Positive-reinforcement training is based on science about how dogs learn new information:

  • by association (classical conditioning)
  • by consequence (operant condition)

Research shows that a dog learns more quickly and effectively when rewarded for good behaviors, not punished for bad ones.

The basis of this training is straightforward. The more a dog is rewarded for a certain behavior, the more frequently that dog will practice that action, as long as the reward was sufficiently motivational.

If the dog performs an undesirable behavior, the concept of rewards still applies. How? An undesirable action occurs when a dog tries to reward himself with something. Perhaps he seeks attention or food from the table, perhaps he wants to go faster on a walk, or perhaps he wants to run to say hello to a friend when off-leash instead of coming when you call. To change the behavior, we withhold the reward until the dog offers a more desirable behavior.

Teaching vs.
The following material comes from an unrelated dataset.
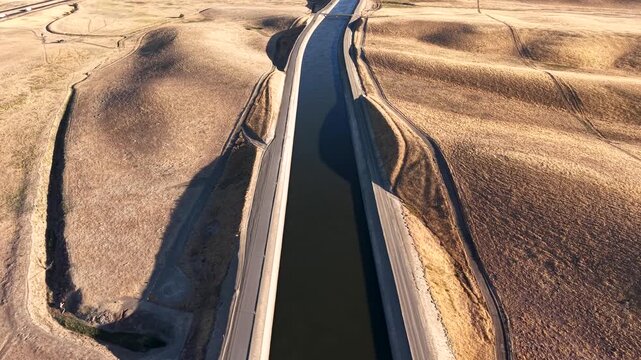 Water flowing through the California Aqueduct river canals. Wide landscape of agricultural man-made river delivering water to agricultural farmlands for irrigation in rural farmlands along I-5 Highway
Bribery

There's a fine line between using rewards to teach a dog and using rewards to bribe a dog. Dogs who will only sit if there’s a treat haven't fully internalized their learning.

What’s the difference? In the first, the dog is actually learning a new behavior; in the second, the dog is simply doing what he can to acquire the reward. You can avoid bribery by following these steps.

Use science to your advantage!

  • Food is not the only way to reward your dog. A reward is anything that a dog enjoys, and can include affection, toys, going for a walk, and so on.
  • Your reward should only appear after your dog has completed an action. If the reward appears before your dog has completed the behavior, they have no reason to complete the action.
  • If you're working on something challenging, a “high-value” reward will be more effective. Typically this means human-grade food that your dog rarely gets.
  • Once your dog is catching on, begin to randomize your reward. If your dog is rewarded with a treat often, but not every time, they will continue to practice the behavior because they never know when they'll hit the jackpot.

Even after your dog is an expert at a certain behavior, never forget the power of praise and the occasional additional reward.